§ **Task directions**:
Omit any picture, and return the remaining data exactly as written.

§ **Data provided**:
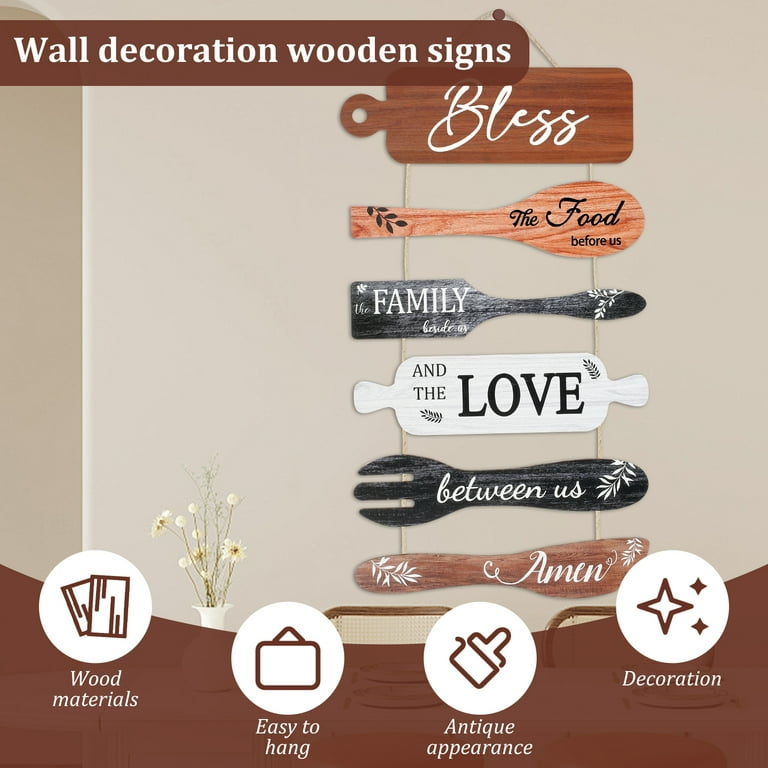Lzvxtym Wooden Bless Farmhouse Kitchen Wall Hanging Sign photo 2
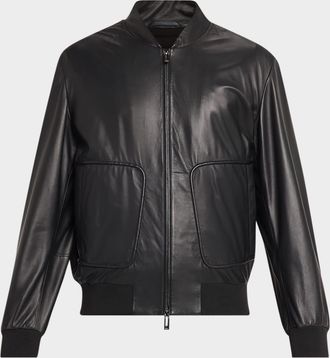 Emporio Armani Men & apos;s Oversized-Pocket Leather Bomber Jacket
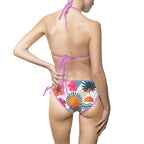 Tropical Floral Bikini Swimsuit — Women's Tie-Side Triangle Swimwear Printify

§ **Response to the exercise**:
Lzvxtym Wooden Bless Farmhouse Kitchen Wall Hanging Sign photo 2
 Emporio Armani Men & apos;s Oversized-Pocket Leather Bomber Jacket
 Tropical Floral Bikini Swimsuit — Women's Tie-Side Triangle Swimwear Printify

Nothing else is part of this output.